What Is The Skill Gap Costing You?

According to a recent study from CareerBuilder, skills gaps cost a company more than $800,000 per year. For clarity, the skills gap is commonly referred to as the frustrating rift between what candidates have to offer and what companies are looking for. This leads to perpetually-open jobs and frustrated candidates at a minimum, but it can also contribute to reduced productivity, higher turnover, and revenue loss. The research points out that companies are having trouble finding the right people to fill positions, and it’s an issue regardless of company size:

  • 1-50 employees: 49 percent
  • 51-250 employees: 74 percent
  • 251-500 employees: 72 percent
  • 501+ employees: 71 percent

The problem has been around for quite some time, and at a macro level, it’s not going away anytime soon. On a company-specific level, there are activities that can help employers to not only understand their own skills gap, but to start filling it with internal and external talent.

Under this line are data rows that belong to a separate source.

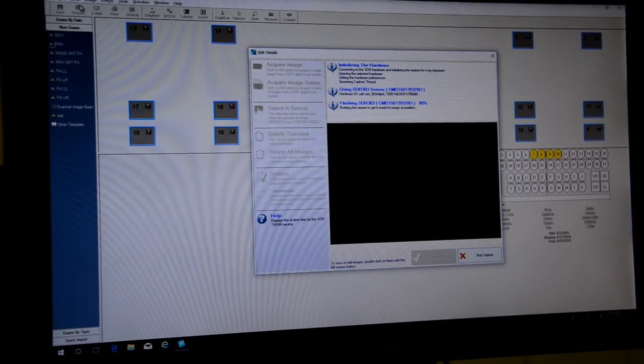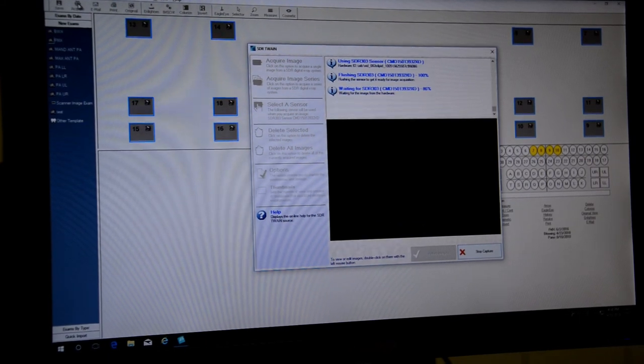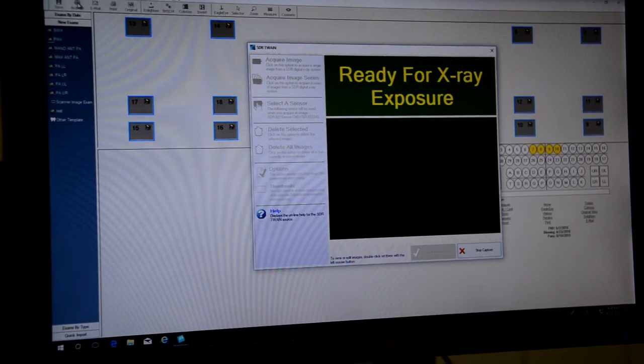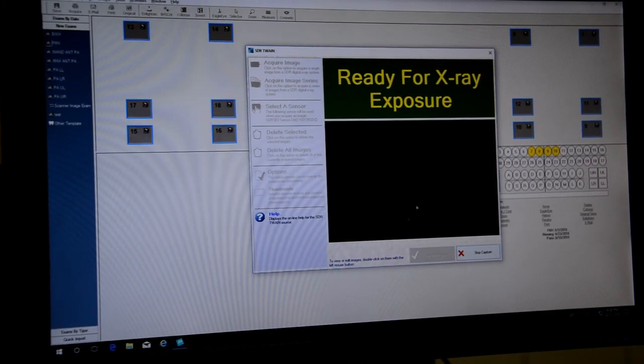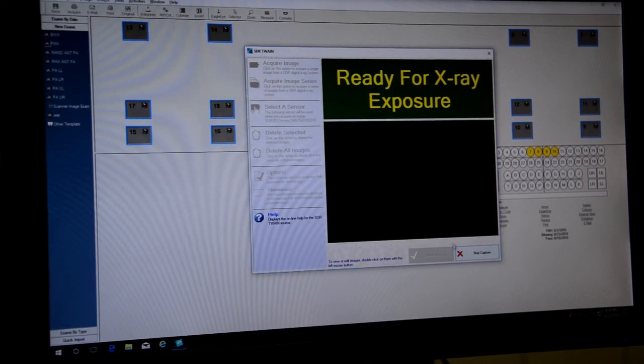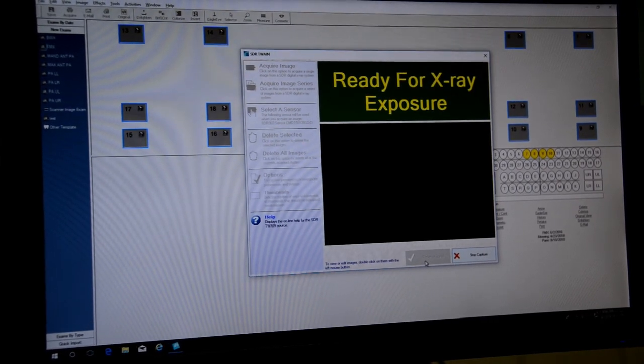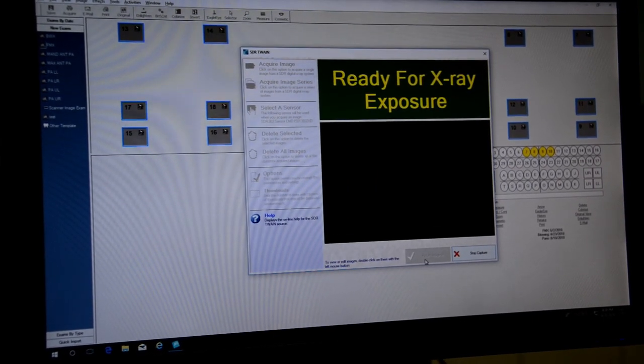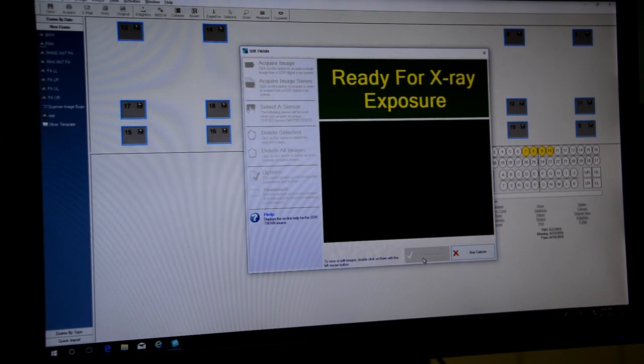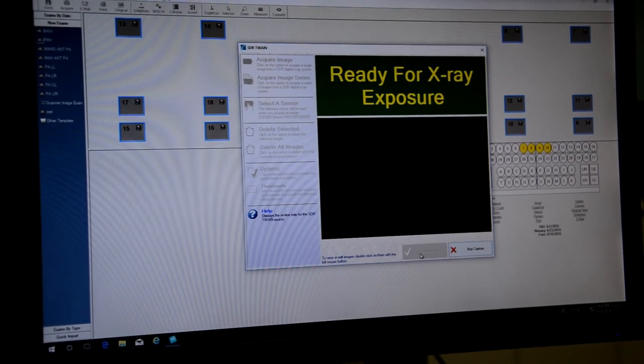Which will initialize our sensor. Take our images. When we're completed stop capture. And the button right here with the that's grayed out with the check will allow us to return those images right into the template with the correct orientation on the images.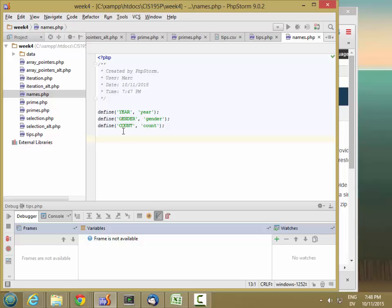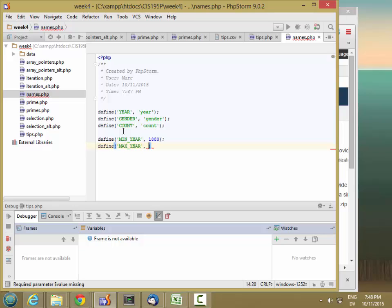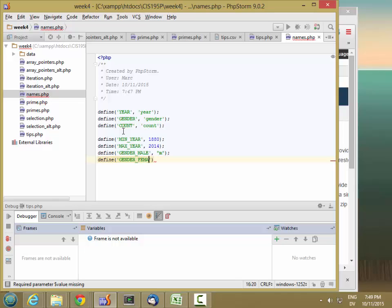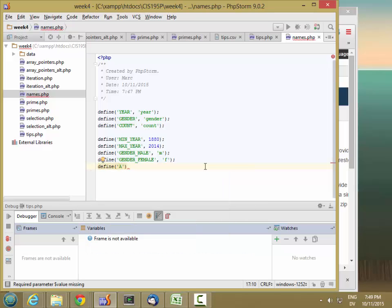I'm also going to define some more constants for ranges and sets of values. I'll have min year, which is 1880 — that's the first year I have data on — and max year, which is 2014, the last year I have data for. Then I'm going to define some gender values: gender male is going to be 'M', and gender female is going to be 'F'. For count, I'm also going to have a constant for all, which is just going to be the string 'all'.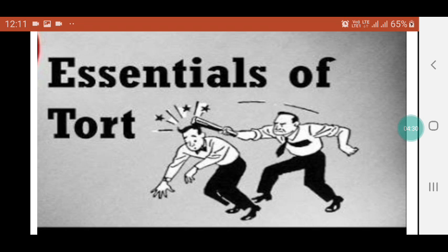Right Fixed by the Law: The right which is infringed must be a right fixed by the law independently of the consent of the parties. The right fixed by the law is called a legal right, defined as an interest which is recognized and enforced by the law. Remedy: There must be a remedy for the infringement of the right — a civil wrong in the form of compensation.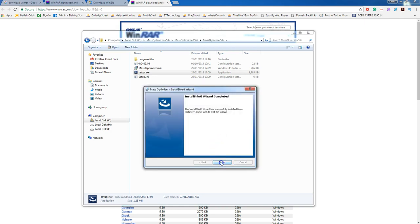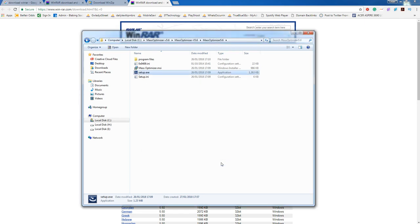And click Finish. You will now have Mass Optimizer installed on your computer. In the next video I show you how to run and open up the program. Thank you.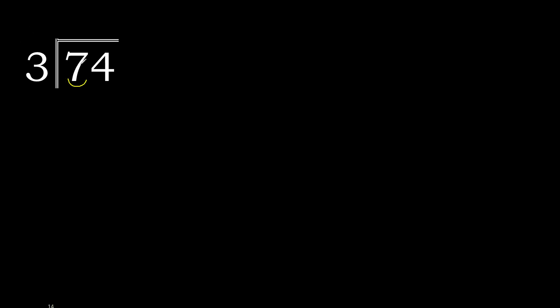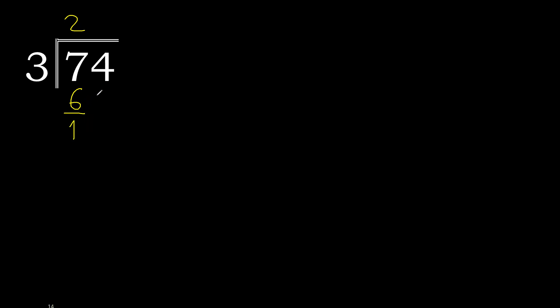74 divided by 3. 7 is not divisible, so 3 multiplied by which number is nearest to 7 but not greater? 3 multiplied by 3 is 9, 9 is greater. 3 multiplied by 2 is 6, 6 is not greater. 7 minus 6 is 1.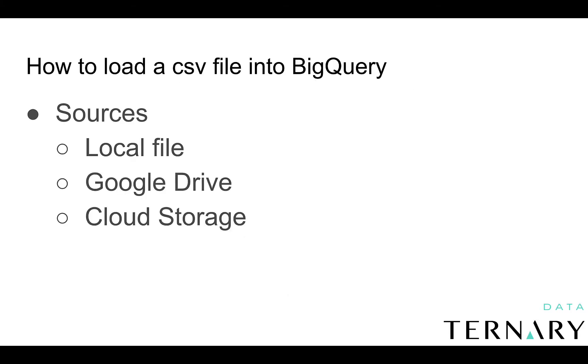Let's look at how to load a CSV file into BigQuery. You have the following options for sources. You can upload a local file, you can upload from Google Drive, or you can upload from Google Cloud Storage.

Companies Aren’t Skills-Savvy

Even the discussion about a skills gap is somewhat misplaced, because these employers are focusing on jobs they can’t fill, not specific skill sets. And while we don’t advocate looking at employees purely as a set of skills under a biological disguise, it’s important to get comfortable with acknowledging what skills exist and how to leverage them. This focus on skills needs to be woven throughout the company’s talent practices:

  • Assessments: are you evaluating a generic set of criteria on each candidate, or are you examining the critical skills necessary for success in each role?
  • Selection: are your selection processes geared toward “gut instinct,” or hard skills measurements
  • Training: are you putting together yet another low-impact PowerPoint presentation, or are you seeking ways to develop the skills that create business value?
  • Recognition: are there processes in place to track progress and make employees feel that their efforts to acquire and demonstrate skills are recognized appropriately?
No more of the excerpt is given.